Dennis Mitchell was a senior official at the Government Communications Headquarters (GCHQ) based in Cheltenham. He resigned in protest against the trade union ban imposed by the Thatcher government in 1984 at the electronic eavesdropping base, which is now the centre of a storm over huge surveillance operations by Britain and the US.
In a remarkably prescient comment, he described the agency as a powerful, unaccountable arm of government whose only watchdog was the workforce. ‘It is they on whom the general public must rely if errors of judgment, excessive zeal or malpractices are to be averted,’ he said. GCHQ staff, he added, had ‘considerable discretion . . .’
Mitchell described GCHQ as ‘an industrial complex . . . Its produce is intelligence. Intelligence imparts power: power which may be used to withstand a threat – or to apply one; to avert an ill, to bestow a benefit – or to exploit.’ He continued: ‘GCHQ staff have a moral responsibility, both corporate and individual, for the use to which that power is put.’
Throughout the debate triggered by revelations by the former US intelligence agency contractor Edward Snowden to the Guardian and Washington Post, ministers and intelligence officials have insisted that whatever GCHQ and its US counterpart, the National Security Agency (NSA), are up to, it is all entirely legal. But such assurances have to be tested against three key facts:
• The law allows government officials enormous discretion;
• Whether the law is upheld or not is entirely a matter for the people who are operating the machines that are intercepting communications; and
• The law cannot, in any event, keep pace with the march of sophisticated intrusive technology.

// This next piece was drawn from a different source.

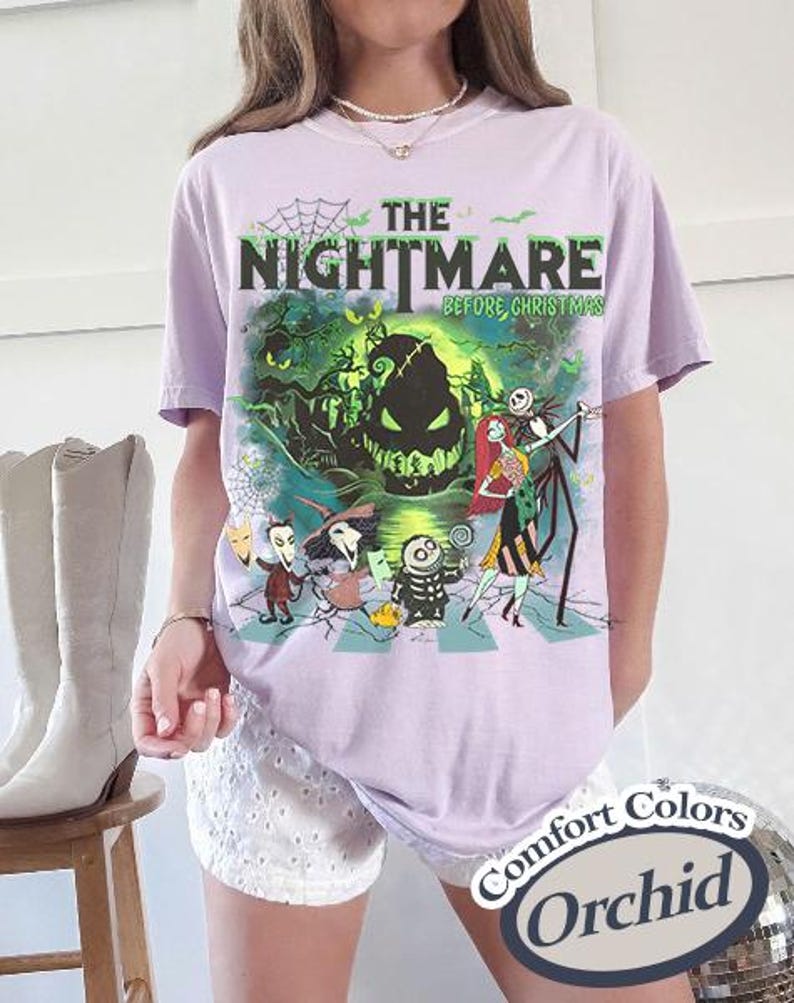 K&ouml;nnte beinhalten: Ein helllila T-Shirt mit einer Grafik aus "The Nightmare Before Christmas". Das Design zeigt Jack Skellington und Sally, mit dem Filmtitel in Gr&uuml;n und Schwarz. Das Shirt ist mit "Comfort Colors Orchid" gekennzeichnet.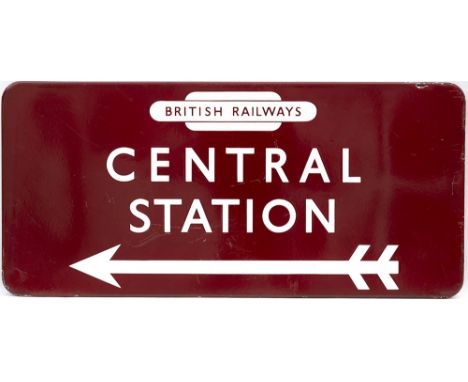 BR(M) FF enamel station direction sign CENTRAL STATION with left facing arrow and British Railways totem. From probably Manch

In the US, the NSA can search without any prior authorisation the emails, internet chats and browsing histories of millions of individuals. In Britain, William Hague, the foreign secretary who is responsible for GCHQ, says the agency rigorously abides by the law. Under the 2000 Regulation of Investigatory Powers Act, he can issue warrants allowing GCHQ to intercept communications.
But the targets do not have to be identified by the warrants. In other words, GCHQ’s lawful authority to eavesdrop is open-ended.
Controls over what the NSA can lawfully do, overseen by compliant secret court hearings, are loose enough. The documents leaked by Snowden reveal that GCHQ has described the UK’s even more relaxed legal constraints, when compared to those in the US, as a ‘selling point’ for the Americans.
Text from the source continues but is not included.